# Uber Houston software moving to your own phone



## TheDude (Aug 20, 2014)

I just received an email in Houston that Uber is offering to switch their software to our personal phones. Below is a screenshot of part of the email. It reads like we have to do it Wednesday or forget about it, but that is probably not the case.

My only concern is that it would prohibit me from driving for Lyft simultaneously, since their software runs on your phone. If that is the case, I will probably keep their stupid taliban/ira reject phone, as I just started driving for Lyft as well.

I notified Lyft of the update and am waiting for a reply.

Thoughts?


----------



## chi1cabby (May 28, 2014)

TheDude said:


> I just received an email in Houston that Uber is offering to switch their software to our personal phones. Below is a screenshot of part of the email. It reads like we have to do it Wednesday or forget about it, but that is probably not the case.





TheDude said:


> My only concern is that it would prohibit me from driving for Lyft simultaneously, since their software runs on your phone. If that is the case, I will probably keep their stupid taliban/ira reject phone, as I just started driving for Lyft as well.
> 
> I notified Lyft of the update and am waiting for a reply.
> 
> ...


Questions that need to answered by Uber regarding this EXCITING development before anyone has the Uber Driver App installed on their personal phone:
Will the App run in the background, like every other App in the world? By this I mean, if you are logged on, but do anything else on your phone, say make a phone call, send a text msg, read the news etc, are you effectively logged off and will not receive a ping? Or will the App push through any pings that you may receive?

Why do you need 2GB data dedicated to the App, when by all accounts that I've read, the App is only using around 500MB?

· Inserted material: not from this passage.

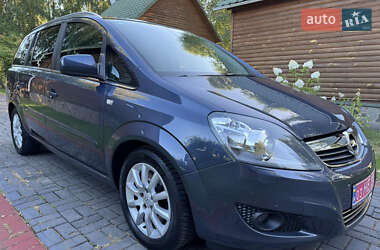 Минивэн Opel Zafira 2011 в Луцке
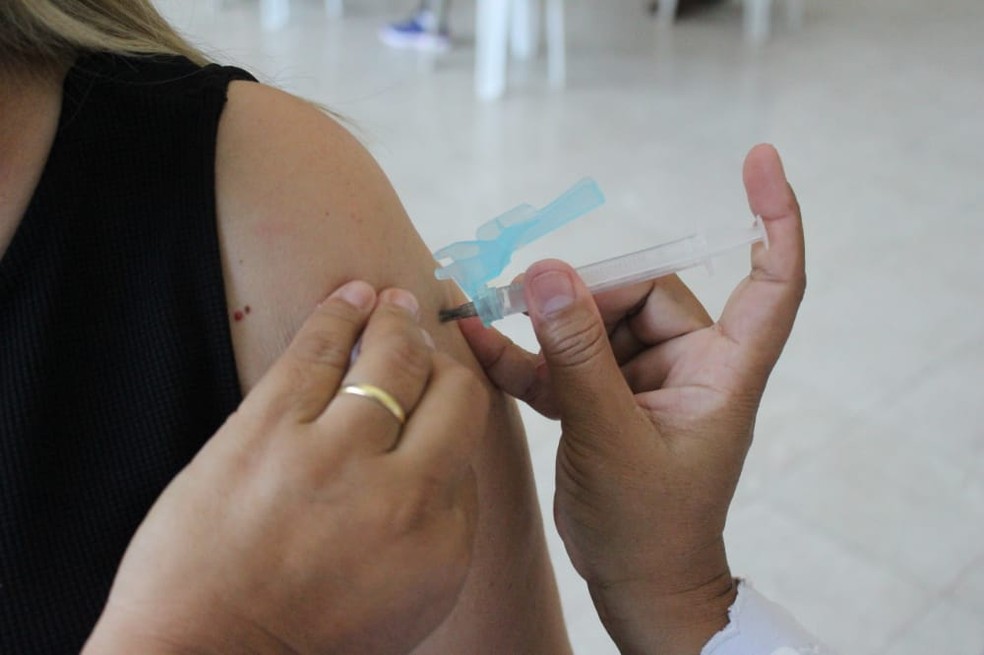 Primeira dose contra Covid-19 para pessoas até 33 anos na UniFTC, nesta sexta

I would caution any driver to find out the nitty gritty before doing the install on your personal phone & handing in their UberPhone.


----------



## uberdriver (Aug 4, 2014)

TheDude said:


> My only concern is that it would prohibit me from driving for Lyft simultaneously, since their software runs on your phone.


What leads you to think that getting the Uber App on your phone would prohibit you from driving for Lyft simultaneously ?


----------



## TheDude (Aug 20, 2014)

uberdriver said:


> What leads you to think that getting the Uber App on your phone would prohibit you from driving for Lyft simultaneously ?


Other than the completely underhanded, not-really-here-to-help-the-driver, surreptitious manner I have seen Uber treat me? Well it's common knowledge they don't want us driving for Lyft, or even want Lyft to compete. Perhaps you noticed the pricing war going on nationwide?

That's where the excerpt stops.